Extracted records: Begin
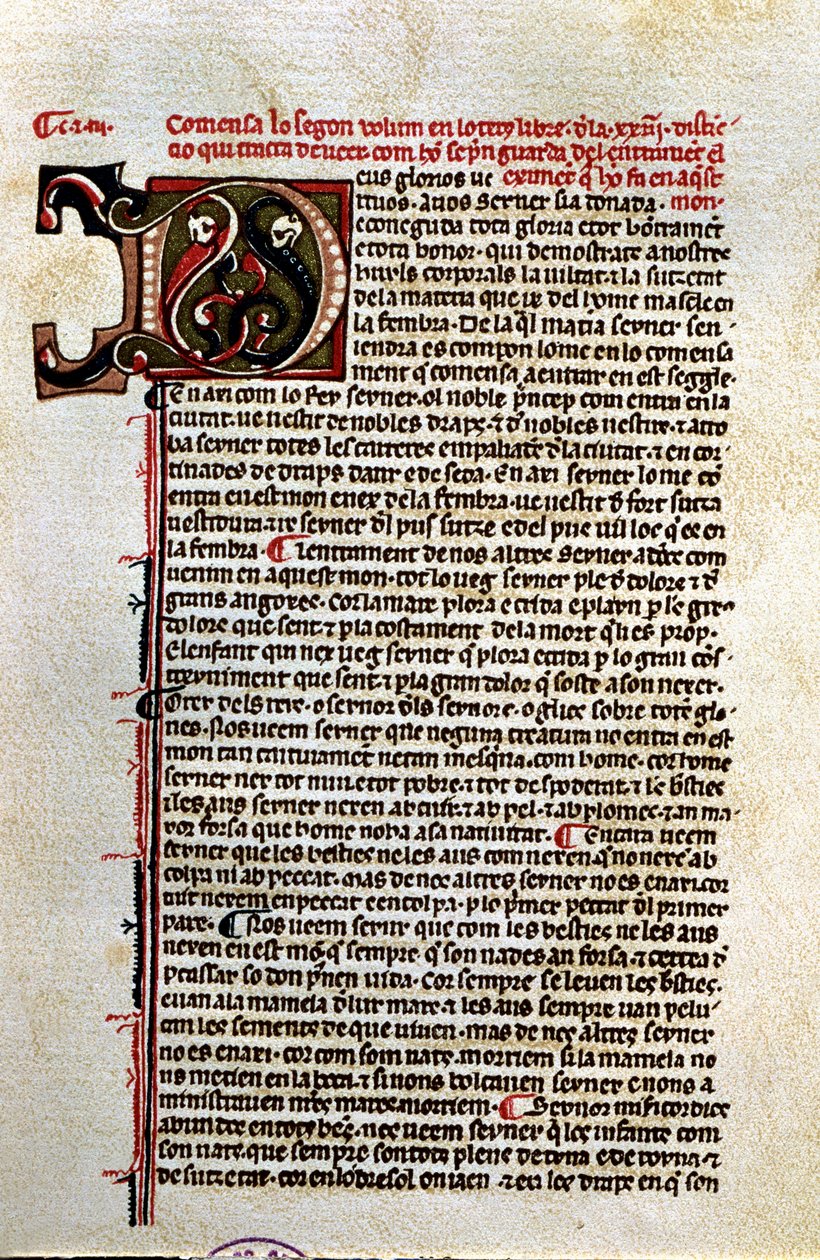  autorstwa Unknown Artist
Extracted records: End
Extracted records: Begin
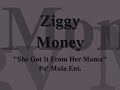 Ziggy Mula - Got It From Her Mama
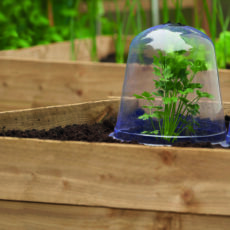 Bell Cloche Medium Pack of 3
Extracted records: End
• **Your assignment**: Each line from the one that contains "Ziggy Mula - Got It From Her Mama" down to the one that contains "Bell Cloche Medium Pack of 3" is to be returned exactly as it stands above, both ends included, with pictures removed.

• **Written solution**:
 Ziggy Mula - Got It From Her Mama
 Bell Cloche Medium Pack of 3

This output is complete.